You don’t go around casually almost belting an ex-college quarterback still built like the proverbial brick wall. Not if you value the appearance of your face anyway.
I’m so proud I was even able to muster that first offensive I remain practically nonchalant as he grabs my lapels and, connecting, smashes me in the face, which I have to tell you hurts an awful lot, and sends me flying backward, crashing to the floor.
The elevator doors open. He steps in and is soon gone. I’m removed to the comforts of the emergency room, where I’m treated for a swollen black eye and a deflated ego before being sent home.
Returning to my apartment, I find my two bulldogs napping in front of what used to be my door, now shredded to pieces and scattered about the hallway like so many toothpicks. I tack up a blanket in the empty doorway, hoping any would-be burglar passing through will at least have the decency to ignore such an easy mark.
Awakening the next morning, blinking the one eye that is capable of opening, I look down at the bulldog licking my chin. The fellow in the bathroom mirror staring at me is a total stranger, so I dispense with my usual morning greeting.
Arriving at the hospital an hour or so later, I bring with me one long-stemmed rose. If she’d just given birth to twins, I’d have bought a dozen. Suicides, somehow, are not the same celebration.
A nurse leads me down the corridor to the ward in which Chris has been transferred, telling me I can only stay a very few minutes as the patient is most groggy.
Groggy? She’s practically catatonic.
Sound asleep, the only movements she makes are twistings of her head, accompanied by moans and sobs coming up from somewhere deep within her.
I look around the ward, and may I tell you what a hit that is?
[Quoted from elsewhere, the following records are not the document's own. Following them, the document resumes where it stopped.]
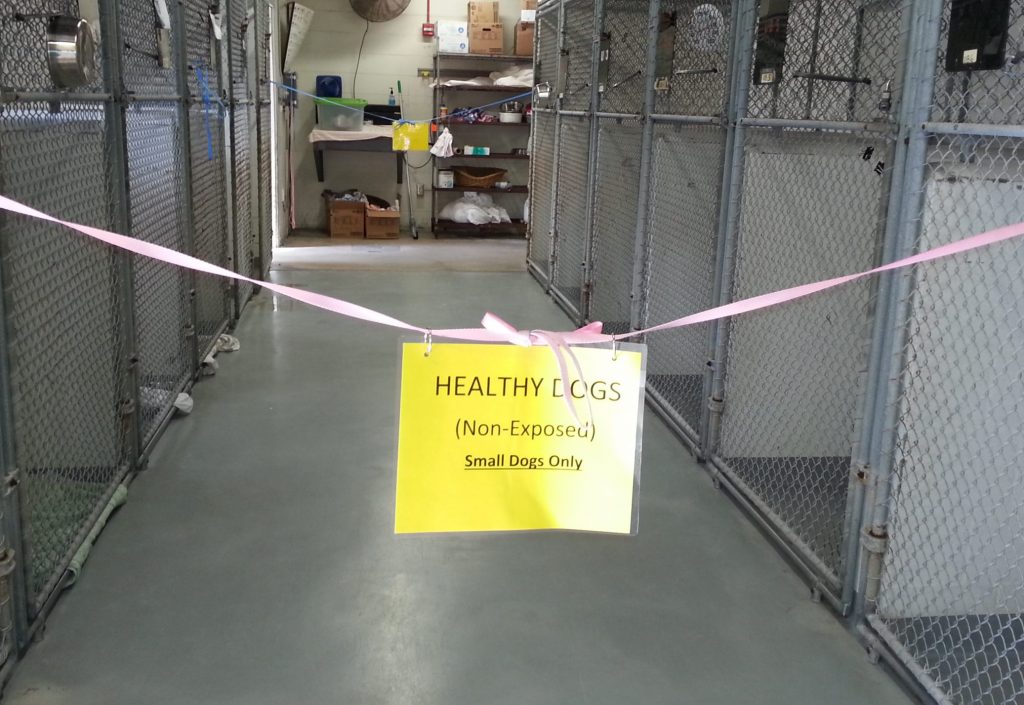 Yellow sign on a ribbon strung across the entrance into a kennel with single-sided runs. The sign reads “HEALTHY DOGS (Non-Exposed) – Small Dogs Only”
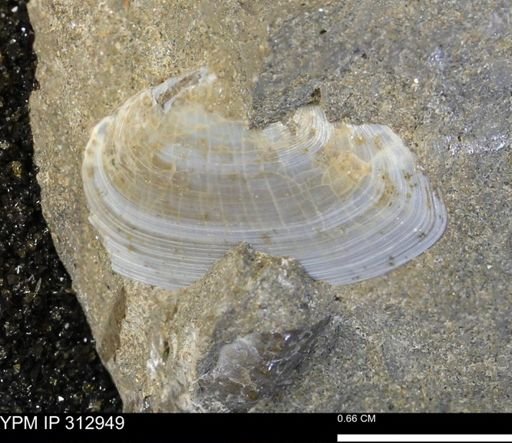Tellinimera scitula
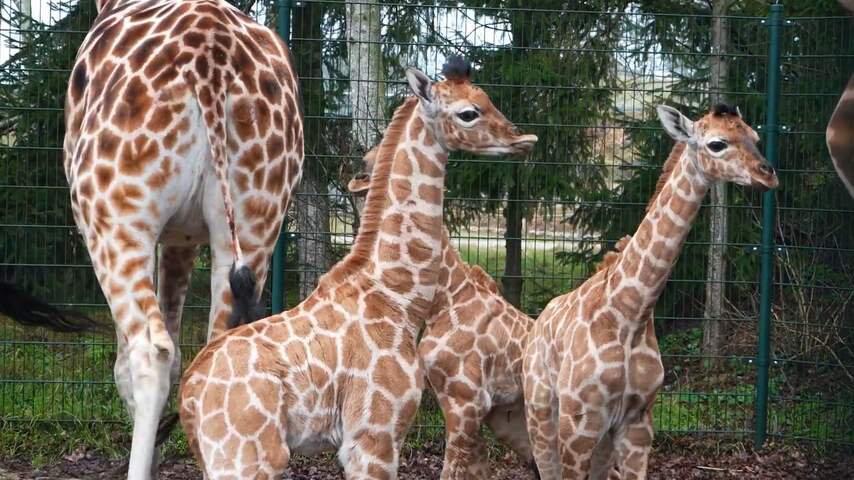 Bedreigde giraffen zetten eerste stapjes in Beekse Bergen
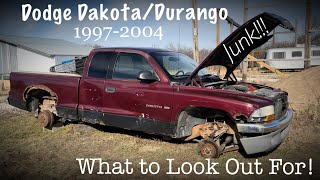 What to Look For When Buying a Dodge Dakota!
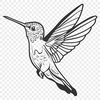 Beautiful Bird Vector Craft File - Free SVG Download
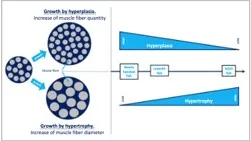 fish_nutrition3
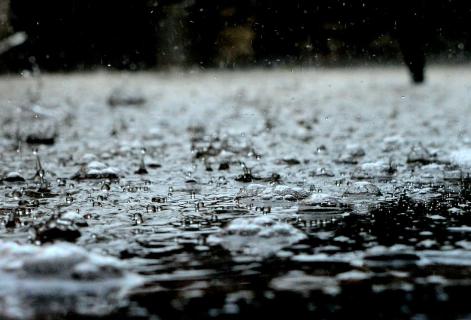 <p>Which is NOT a form of precipitation?</p>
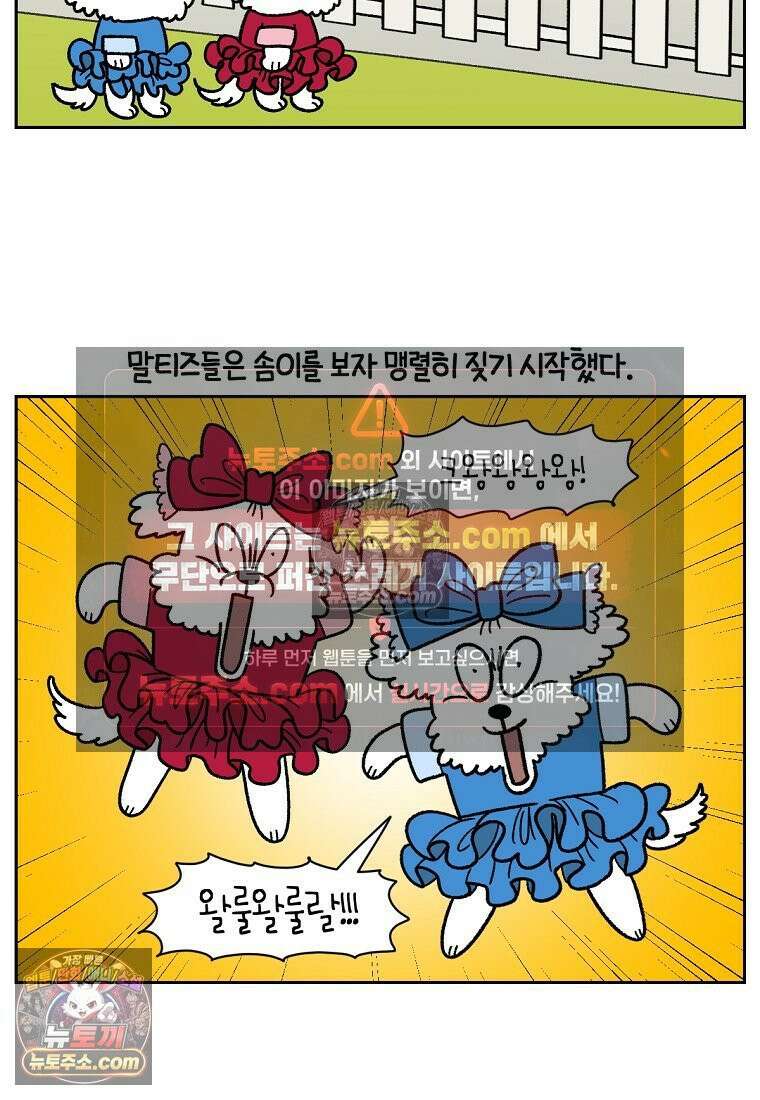 극한견주 시즌2 96화 공주 강아지 16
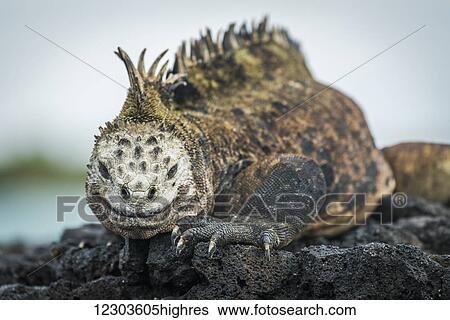 Stock Photograph - Marine iguana (Amblyrhynchus cristatus) on grey rocks beside sea; Galapagos Islands, Ecuador. Fotosearch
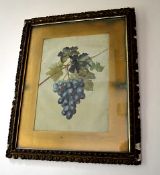 1 x Vintage Framed Painting Of Fruit On Canvas - From A Grade II Listed Hall In Good Condition -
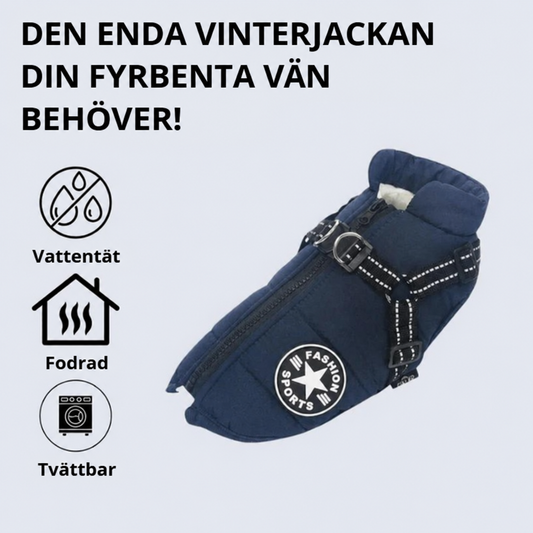Hundjacka – Skydd mot kyla och regn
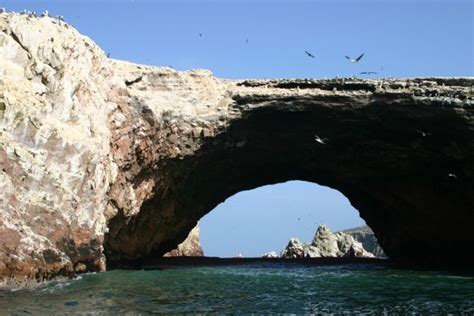 Photo Essay Visiting The Ballestas Islands In Peru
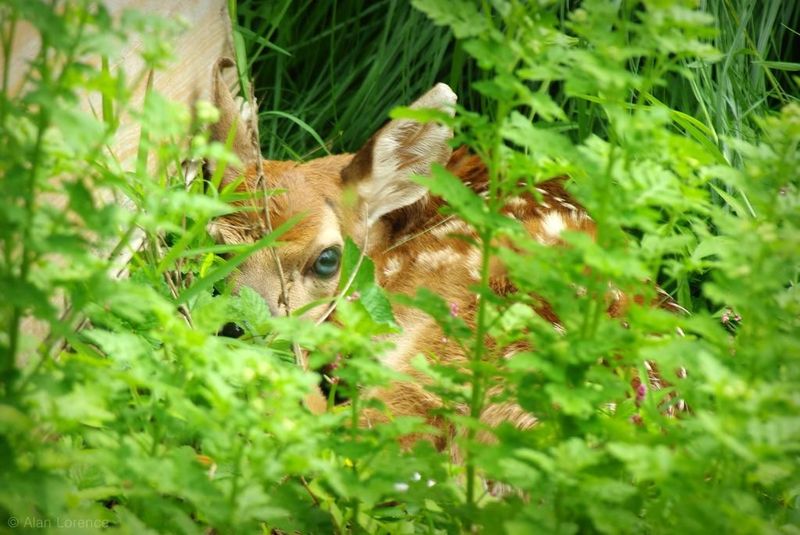 Camouflage And Hiding Techniques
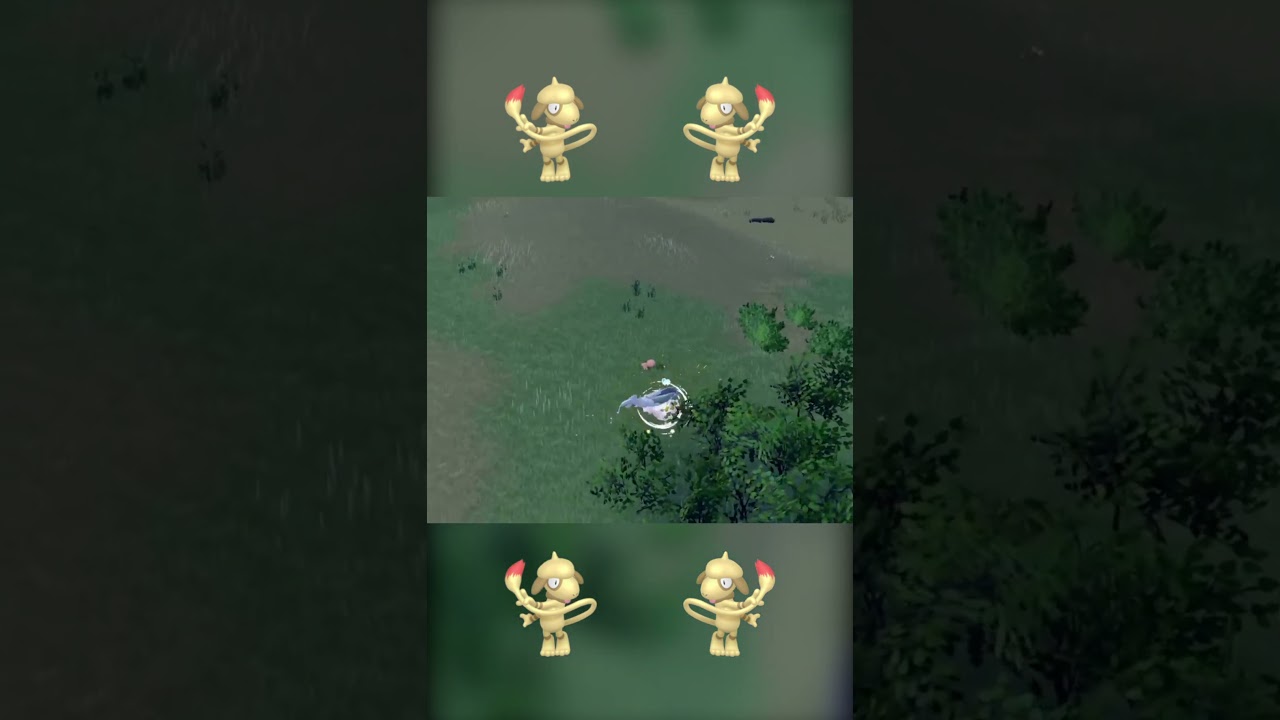 色違い ドーブル を見つけた気がしてましたよ #shorts　#ポケモンsv　#碧の仮面 #碧の円盤 #ブルレク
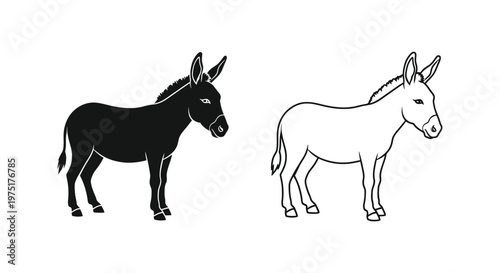 Donkey Breeds Comparison: Black vs White Donkeys Guide Vector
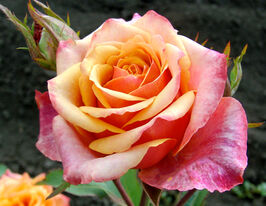 Роза чайно-гибридная Черри Бренди (Cherry Brandy) купить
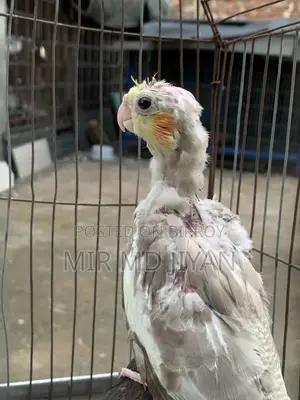 Cockatiel Bird Baby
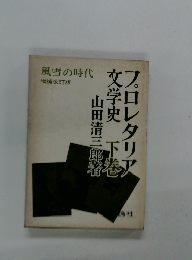 風雪の時代 増補改訂版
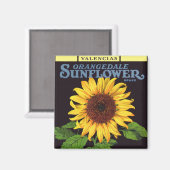 Vintages Fruchtkorb Magnet (Vorderseite/Rückseite)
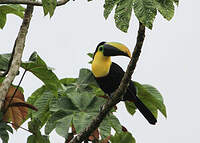 Toucan du Chocó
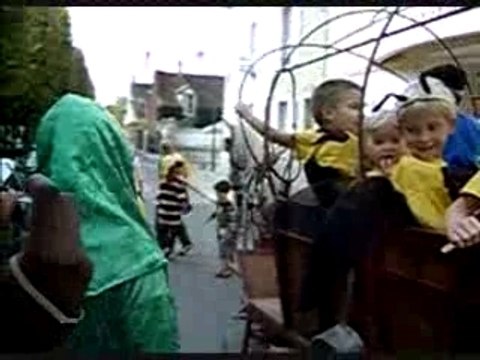 Maïs de Nice à Milly-la-Forêt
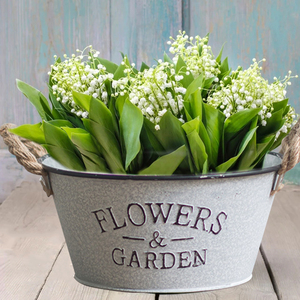 Vase en <span class=keywords><strong>fer</strong></span> <span class=keywords><strong>forgé</strong></span> rétro <span class=keywords><strong>ancien</strong></span> pour <span class=keywords><strong>salon</strong></span>, décoration <span class=keywords><strong>de</strong></span> <span class=keywords><strong>jardin</strong></span>, seau à fleurs, pot <span class=keywords><strong>de</strong></span> rangement <span class=keywords><strong>de</strong></span> bureau - Product Image 4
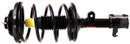 Monroe Shocks & Struts Suspension Strut and Coil Spring Assembly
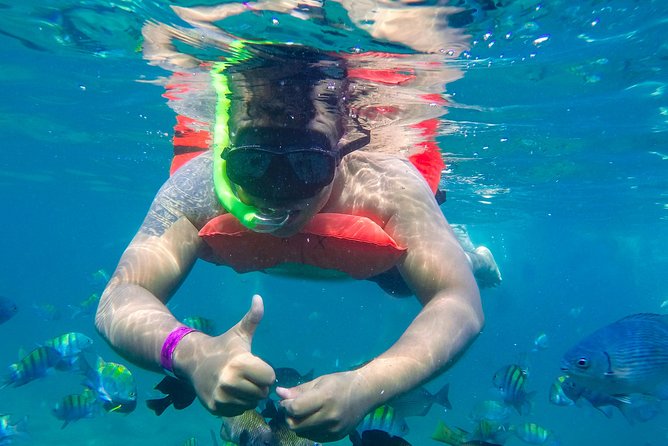 Yelapa Waterfall, BBQ at Exclusive Majahuitas Beach & Open bar - Who should book this, and who should skip it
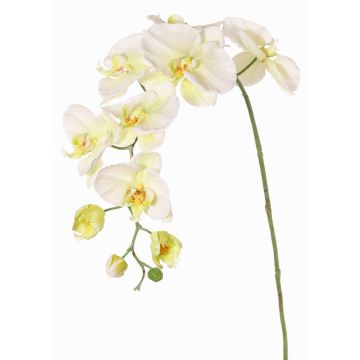Dekorativní větev orchideje Phalaenopsis WESA, bílo-zelená, 100cm Dekorativní větev orchideje Phalaenopsis WESA, bílo-zelená, 100cm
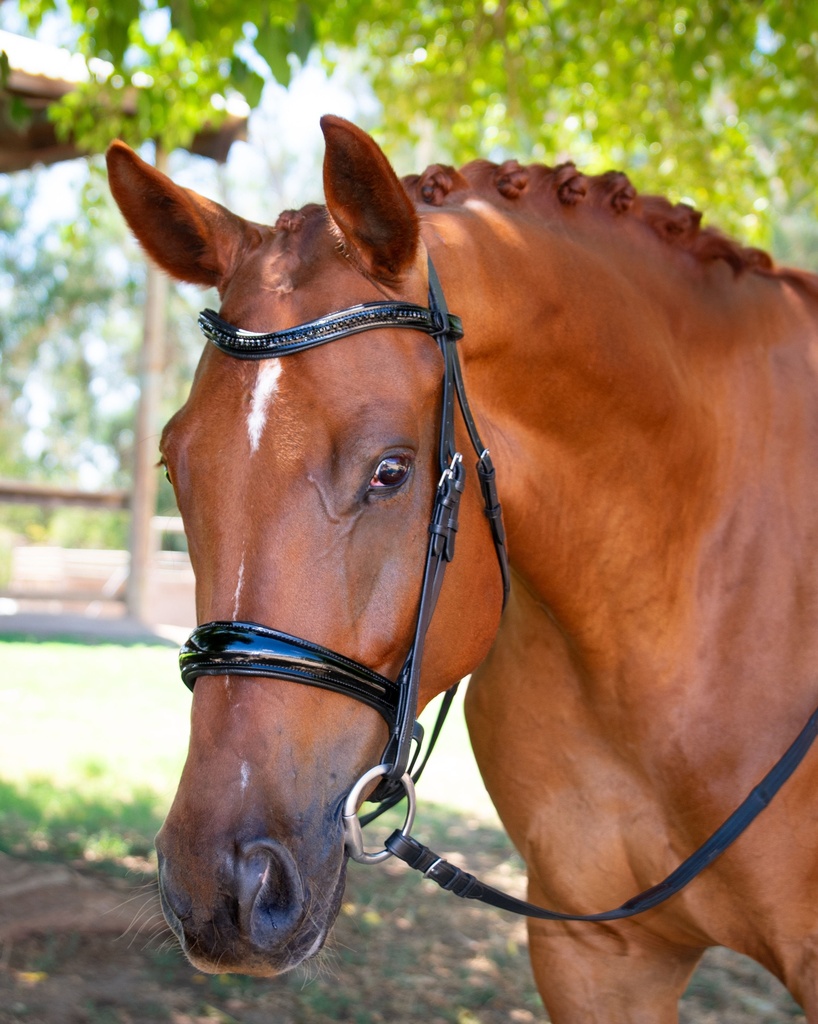 LINA Snaffle Bridle (Cob, Add Flash)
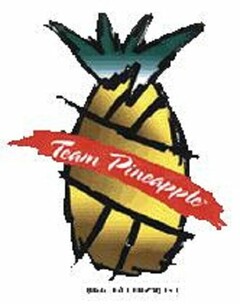 TEAM PINEAPPLE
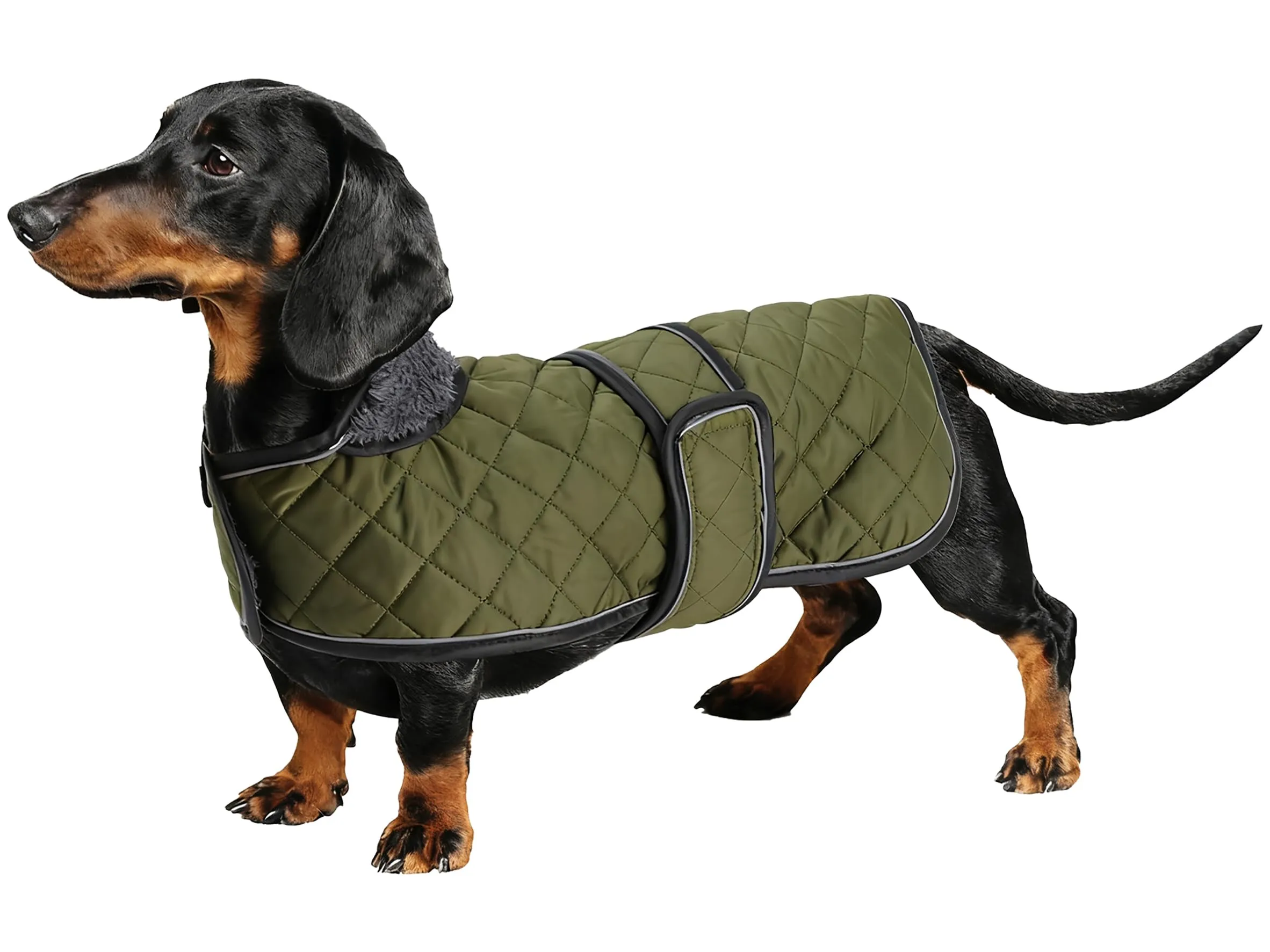 Geyecete Cappotto Invernale Termico Trapuntato per Cane Bassotto con Fodera in Pile e Foro per Imbracatura, Verde, XS - immagine 1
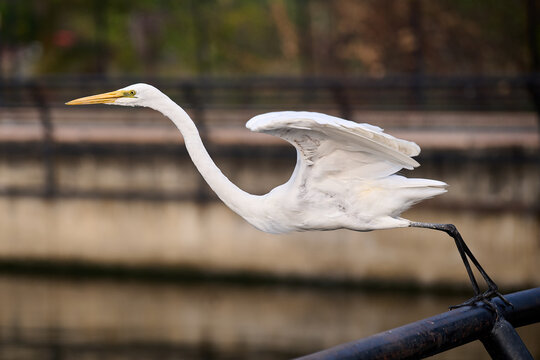 Great Egret taking off from a railing in Ajmer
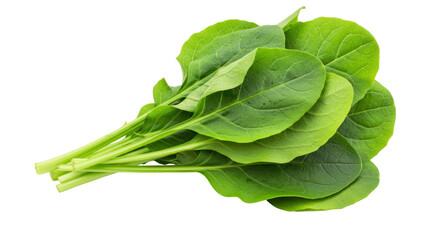 Isolated Bunch of Spinach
Remember
Snake Pit
with Olivia De Havilland? Well, that’s this. Sickies, weirdos, fanatics, kids freaking out on drugs, all mingled together with your other run-of-the-mill, average suicidals like Chris.
And if you weren’t depressed
before
moving into this ward, I mean if you were in the hospital for a hemorrhoidectomy or something and just happened to be placed in here, you’d probably prefer choking yourself to death with your toothbrush rather than spend another day surrounded by these dregs of humanity.
Chris is not at all responsive to me, so I place the rose on the night table next to her bed and leave.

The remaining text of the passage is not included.